The depth of inspection and non-destructive testing will depend upon the process for testing and inspection used, the step height in terms of the deposition depth of material in each layer and, where used, ultrasound wave properties in the materials concerned. Typically, the inspection depth will be in the order of 20 to 300 microns with step/layer heights ranging between 20 to 100 microns or ultrasound frequencies in the order of 10 to 100 MHz or higher subject to material process geometry evaluation requirements and availability of such isolators. As indicated, incremental inspection and testing could be continuous or at discrete processing intervals, such as between pulses of irradiation used for consolidation of layers. In the above circumstances, it will be appreciated that the non-destructive testing and inspection device will act over a relatively small inspection site with dimensions in the order of a few square millimetres and, therefore, the resolution of inspection will be improved although each of these inspection sites will be incremental in terms of providing a whole object component volume inspection with significantly higher resolution than previous post-forming inspection processes, including x-rays.
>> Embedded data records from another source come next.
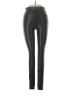 SPANX Black Active Pants Size S - photo 1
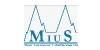 Mount International United Services LTD (MIUS)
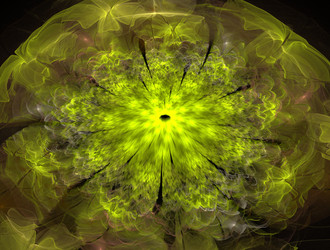 Similar image 21695230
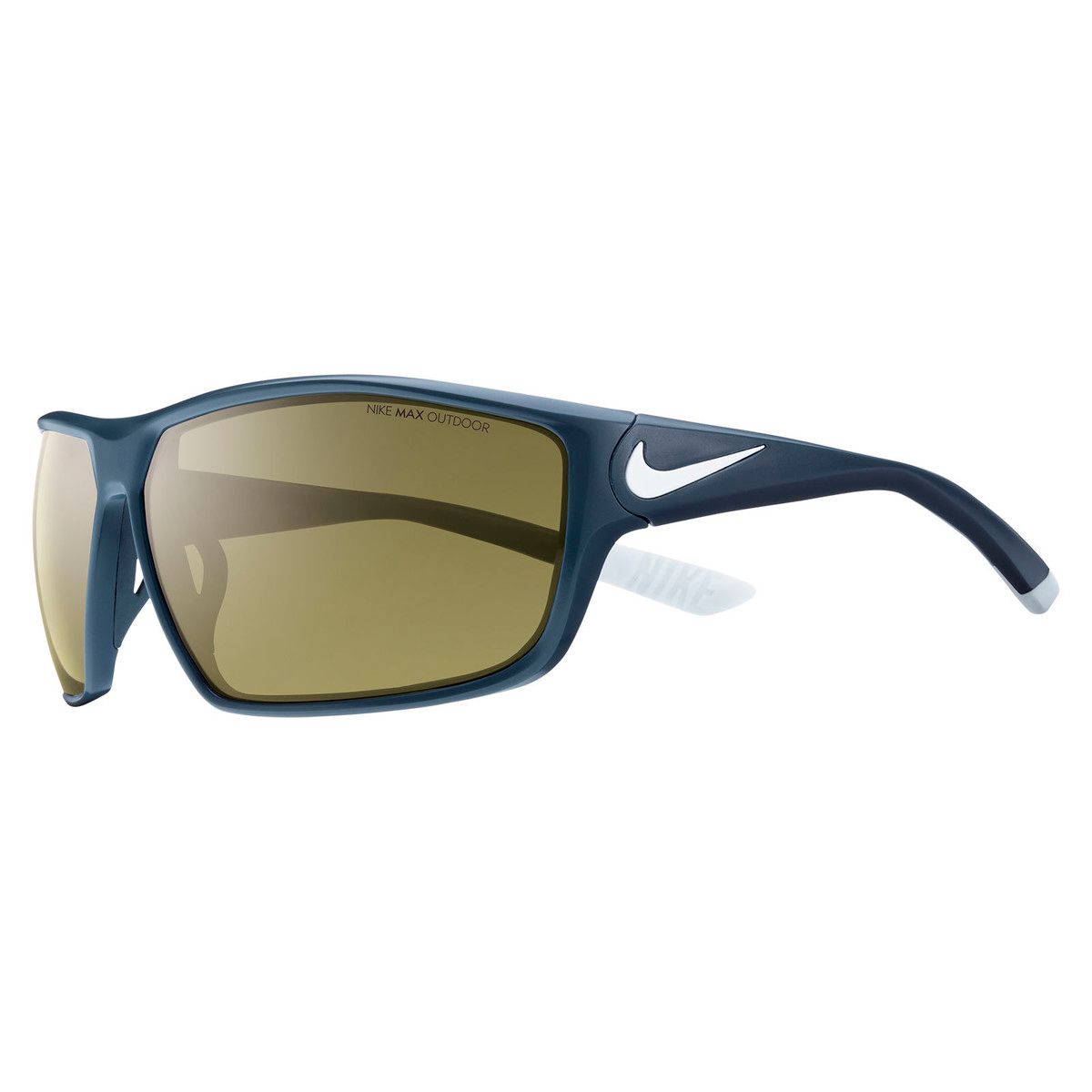 discount nike sunglasses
The present method and apparatus will allow integration with existing automation with regard to material layer deposition and consolidation. It will be understand that, particularly with regard to consolidation of layers, it is important to provide positional co-ordination and orientation to enable the object to be formed. Such positional co-ordination and orientation will be automated and, therefore, through a feed-back control mechanism with the present inspection and testing method and apparatus, it will be understood that adjustments to the consolidation and/or material deposition processes may be achieved to improve deposition accuracy and quality and so improve the final object form, and material characteristics. The feedback control mechanism may involve neural network control of parameters for real time optimisation.
As indicated above, the non-destructive testing processes in accordance with the present invention will generally be ultrasound or electrical eddy current inspection, but may also include vibrational spectroscopy and energy dispersive technology.
In the case of ultrasound, the ultrasound signal will be generated by a laser or electron beam heating a grid-type pattern on the surface, this heating would be rapid and pulsed. Potentially the same laser optics or some system elements could be common (i.e. fibre optic delivery and focussing mirrors) with the two systems (DLD and ultrasound generation/detection). The ultrasound system if laser based would probably need a different laser source and a specification which is different (high frequency pulsation required—for example, in excess of 500 kHz) although the laser wavelength could be common—hence the optical interchangeability. The laser ultrasound system could be located 10 mm to 15 mm above the deposited surface of the growing component depending upon the component surface roughness. The laser has pulse durations which last of the order of 1 ns, energies would be of the order of 10 W/cm⁻¹. The laser detectors could work on either reflected beam deflection or interferometry.
FIGS. 4 and 5 illustrate inspection sites in terms of grids to define ultrasound generation spot patterns using a laser. Scanning will be incremental, with overcalling scanned areas of proportions as appropriate. The laser pulses are non ablative ensuring optical cleanliness and consistency without the non destructive testing induced secondary contamination.
The ultrasound generation spot pattern would probably be a regular array, but could be an irregular pattern so long as the pattern was known precisely.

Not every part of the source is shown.